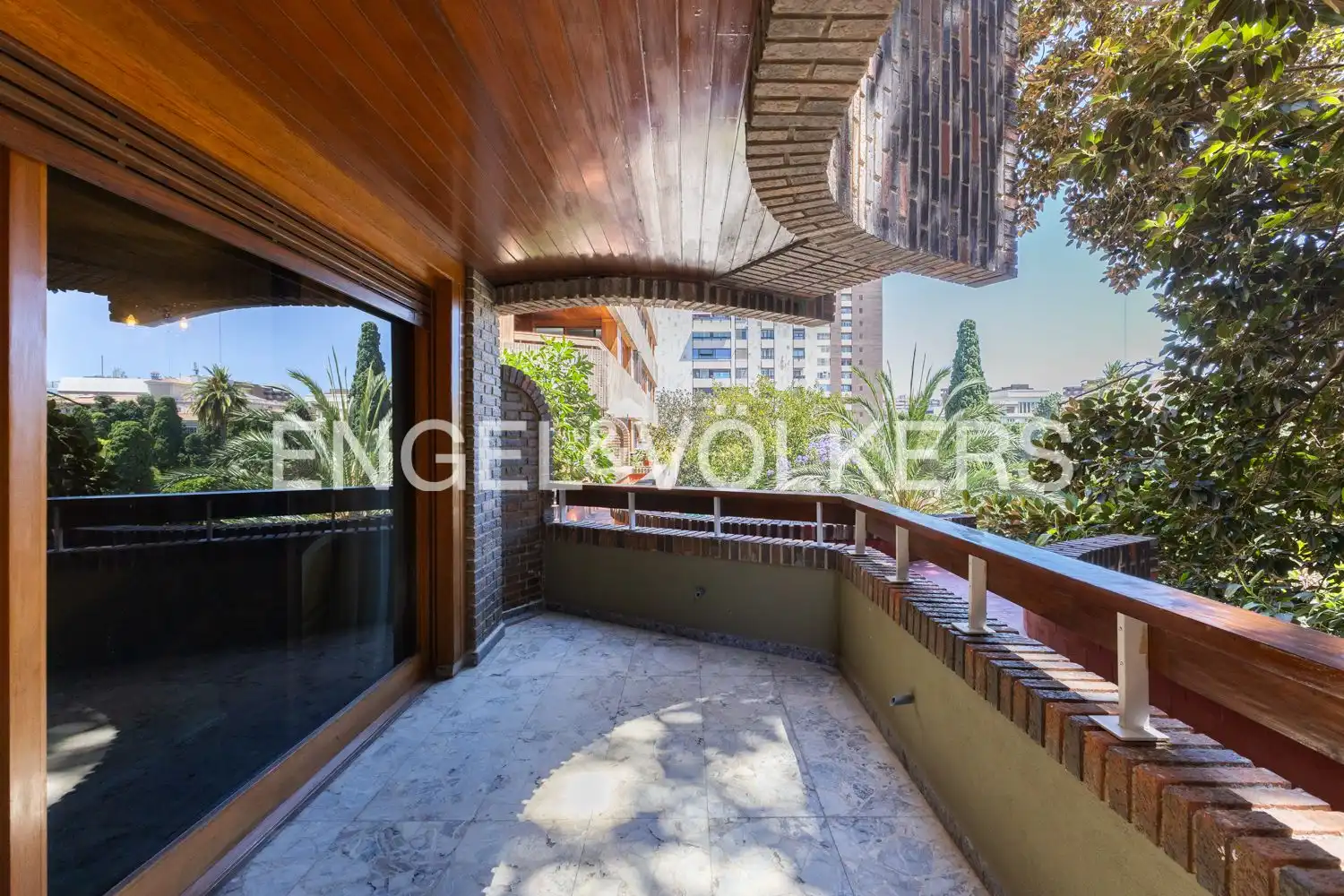 Terraza de Piso de alquiler en Valencia con Aire acondicionado, Calefacción y Terraza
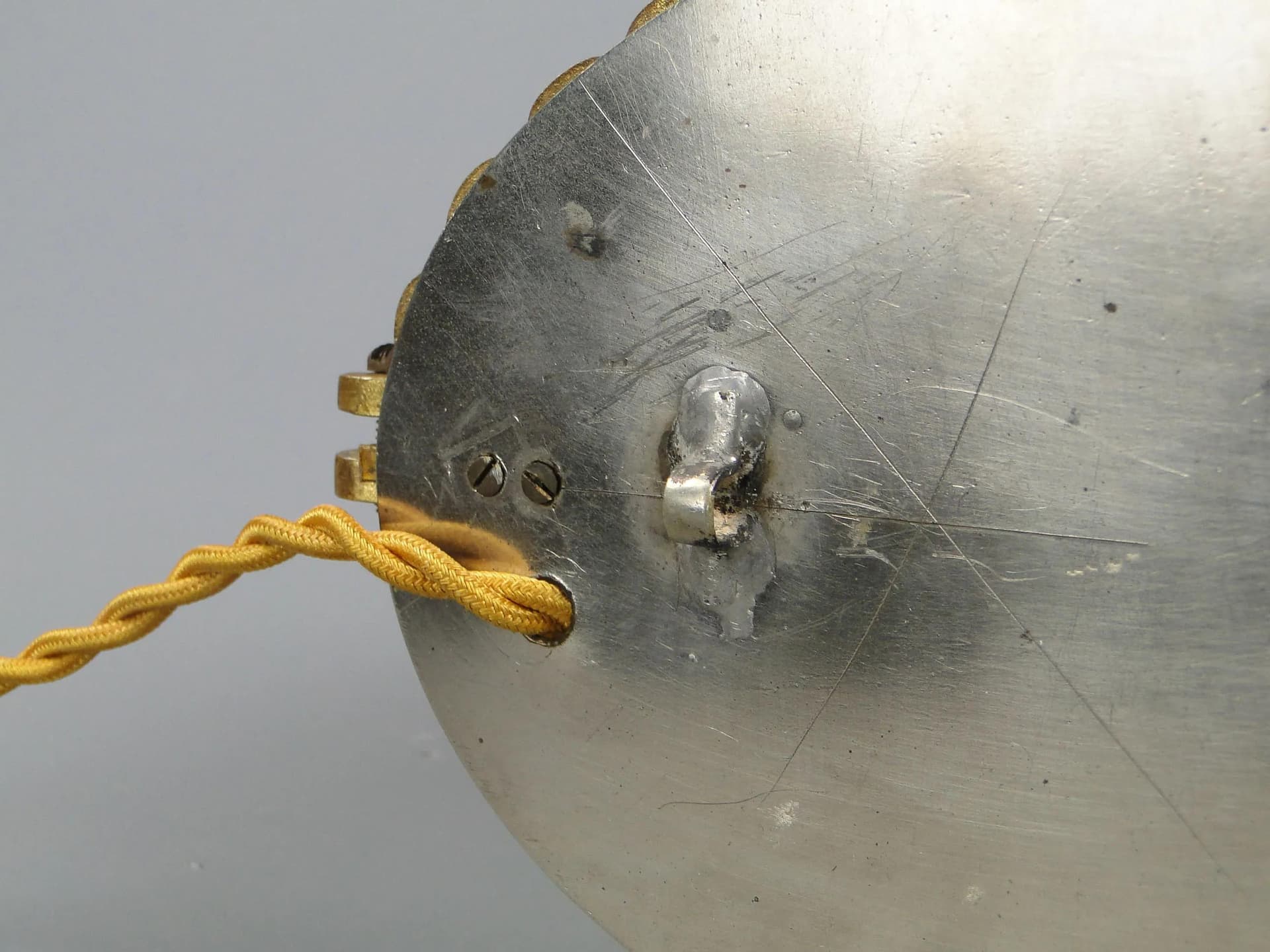 Palace wall sconce, golden, gilded bronze, crystal glass, Italy, early 20th c. - 12118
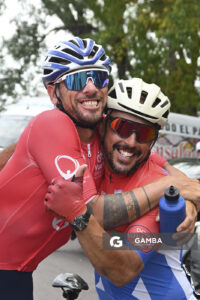 Sebastián Rodríguez y Óscar Araújo. 81ª Vuelta Ciclista del Uruguay.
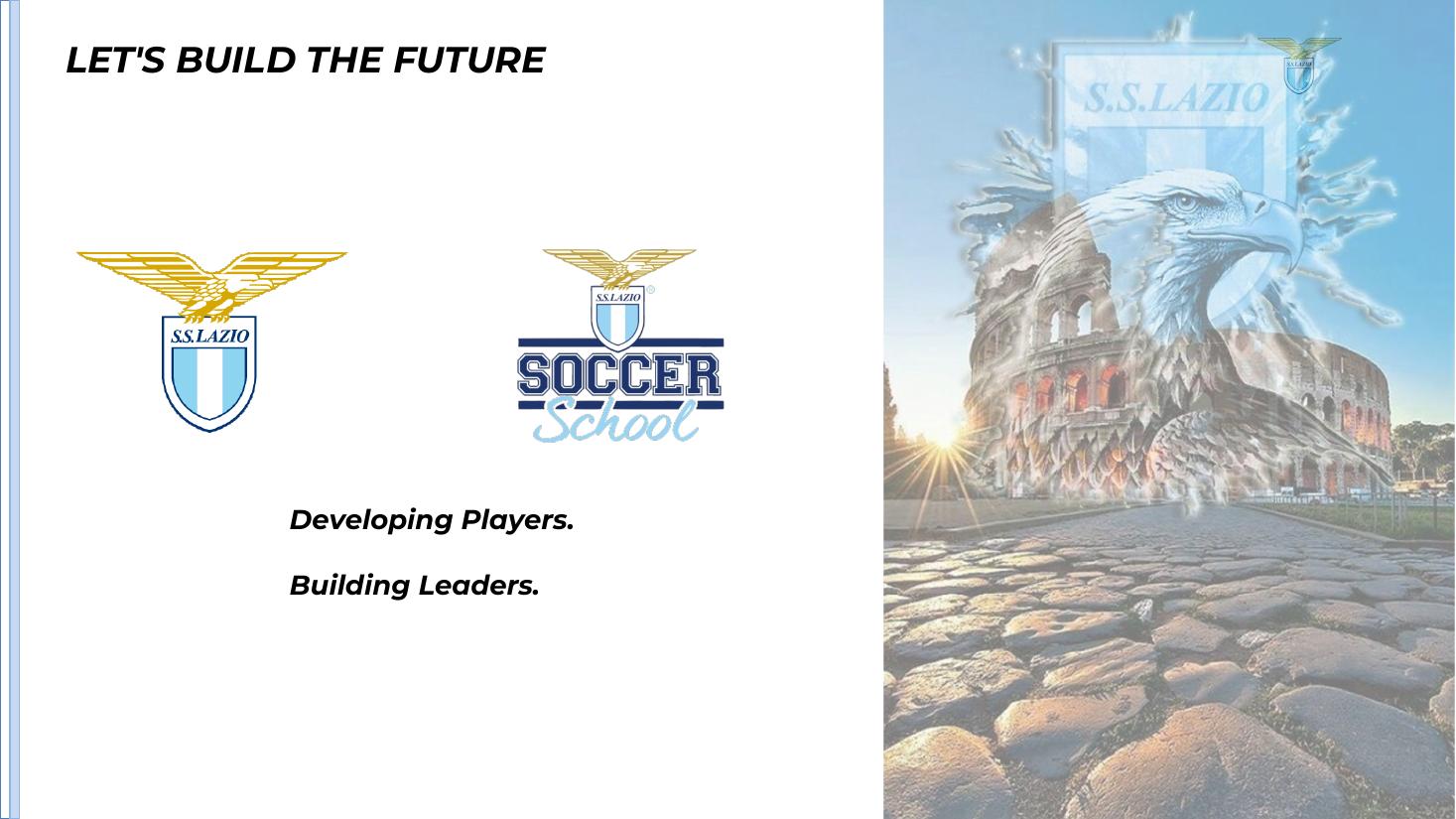 Let's build the future closing slide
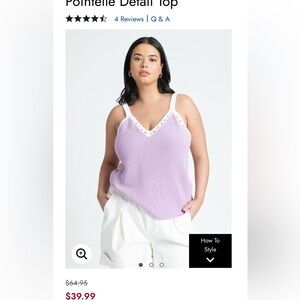 Eloquii knit top, size 14/16
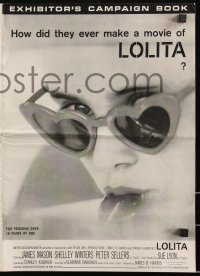 2b0734 LOLITA pressbook 1962 Stanley Kubrick classic, Sue Lyon with heart sunglasses & lollipop!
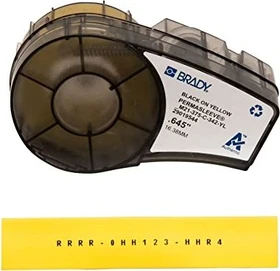 Brady PermaSleeve Schrumpfschlauch, 16.4mm, schwarz/gelb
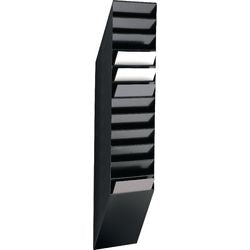 Porte-brochures durable flexibox 12 a4 noir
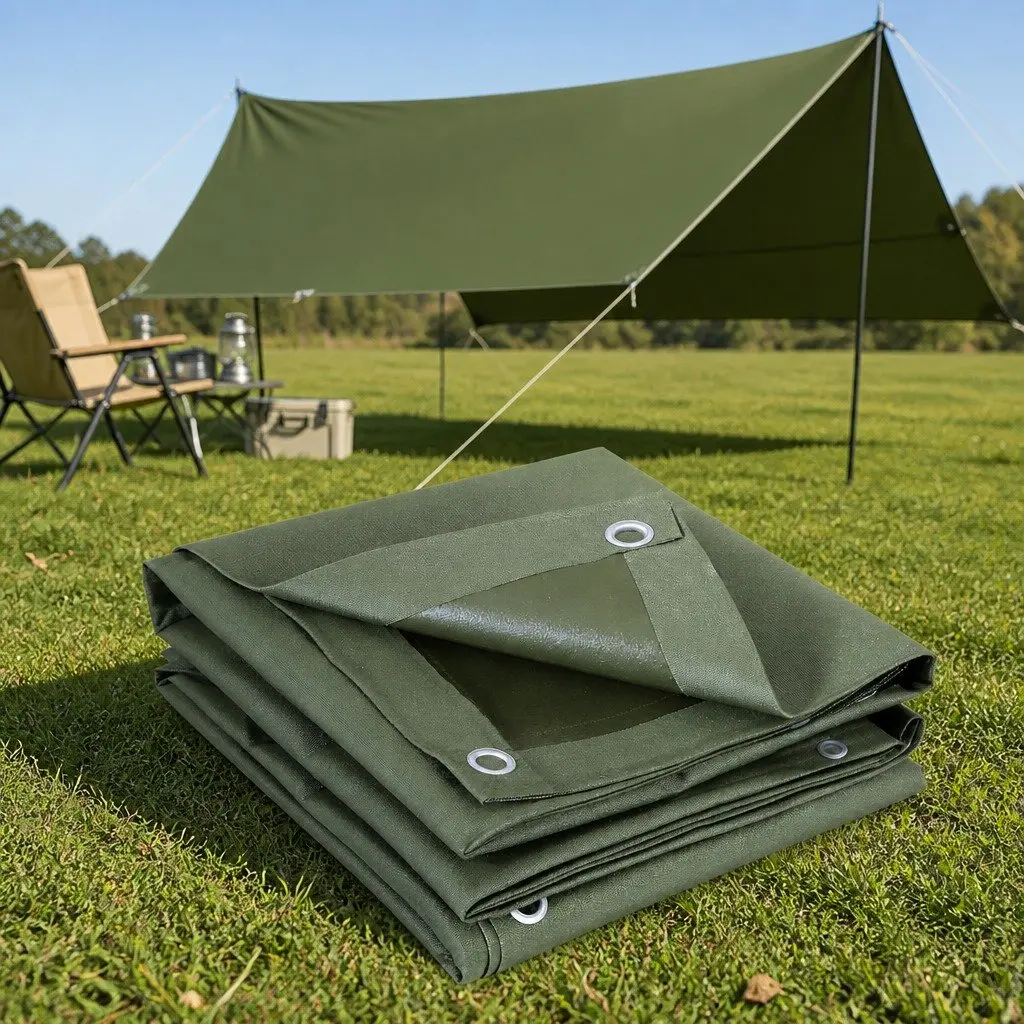 4x6m Green Tarp for Outdoor Use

* [AIM OF THE TASK]: Leave out the pictures, and give all the records again exactly.

* [SOLUTION TO THIS TASK]:
 Terraza de Piso de alquiler en Valencia con Aire acondicionado, Calefacción y Terraza
 Palace wall sconce, golden, gilded bronze, crystal glass, Italy, early 20th c. - 12118
 Sebastián Rodríguez y Óscar Araújo. 81ª Vuelta Ciclista del Uruguay.
 Let's build the future closing slide
 Eloquii knit top, size 14/16
 2b0734 LOLITA pressbook 1962 Stanley Kubrick classic, Sue Lyon with heart sunglasses & lollipop!
 Brady PermaSleeve Schrumpfschlauch, 16.4mm, schwarz/gelb
 Porte-brochures durable flexibox 12 a4 noir
 4x6m Green Tarp for Outdoor Use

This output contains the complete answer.